If \[\text{cosec}\theta =2\], verify that:
\[\left( \cot \theta +\dfrac{\sin \theta }{1+\cos \theta } \right)=2\]
Answer
465k+ views
Hint: In this question, from the given values of cosec function by using the trigonometric identities we can find the values of the sine, cosine and cot functions. Then on substituting the respective values in the given expression of the question we can calculate the right hand side and left hand side values.
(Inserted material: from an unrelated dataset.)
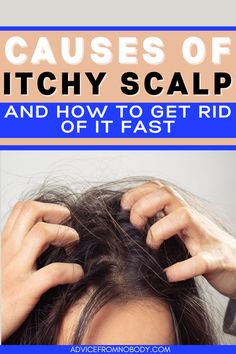 Causes Of Dandruff, Soothe Itchy Scalp, How To Help Itchy Scalp, Flaky Hair Remedies Dry Scalp, Scalp Dryness Remedies, Best Oil For Dry Scalp, Dandruff And Itchy Scalp Remedy, Sensitive Scalp Remedies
Then on comparing the values obtained we get the result.
\[\begin{align}
& \text{cosec}\theta =\dfrac{1}{\sin \theta } \\
& \text{cose}{{\text{c}}^{2}}\theta -1={{\cot }^{2}}\theta \\
& \cos \theta =\cot \theta \cdot \sin \theta \\
\end{align}\]
Complete step by step answer:
Now, from the given question we have
\[\text{cosec}\theta =2\]
Now, by using the trigonometric identity which gives the relation between cosec function and sine function we get,
\[\Rightarrow \text{cosec}\theta =\dfrac{1}{\sin \theta }\]
Now, this can also be written as
\[\Rightarrow \sin \theta =\dfrac{1}{\text{cosec}\theta }\]
Let us now substitute the value of secant in this
\[\Rightarrow \sin \theta =\dfrac{1}{2}\]
Now, using the relation between the cosec function and cot function from the trigonometric identities we have
\[\Rightarrow {{\operatorname{cosec}}^{2}}\theta -{{\cot }^{2}}\theta =1\]
Now, this can also be written as
\[\Rightarrow {{\cot }^{2}}\theta ={{\operatorname{cosec}}^{2}}\theta -1\]
Now, on substituting the value of cosec we get,
\[\Rightarrow {{\cot }^{2}}\theta ={{\left( 2 \right)}^{2}}-1\]
Now, on further simplification we have
\[\Rightarrow {{\cot }^{2}}\theta =4-1=3\]
Let us now apply the square root on both the sides
\[\Rightarrow \sqrt{{{\cot }^{2}}\theta }=\sqrt{3}\]
Now, on simplifying it we get,
\[\therefore \cot \theta =\sqrt{3}\]
Now, by using the relation between sine, cosine and cot functions from the trigonometric identities we have,
\[\Rightarrow \dfrac{\cos \theta }{\sin \theta }=\cot \theta \]
Now, this can also be written as
\[\Rightarrow \cos \theta =\cot \theta \times \sin \theta \]
Now, on substituting the respective values in the above equation we get,
\[\Rightarrow \cos \theta =\sqrt{3}\times \dfrac{1}{2}\]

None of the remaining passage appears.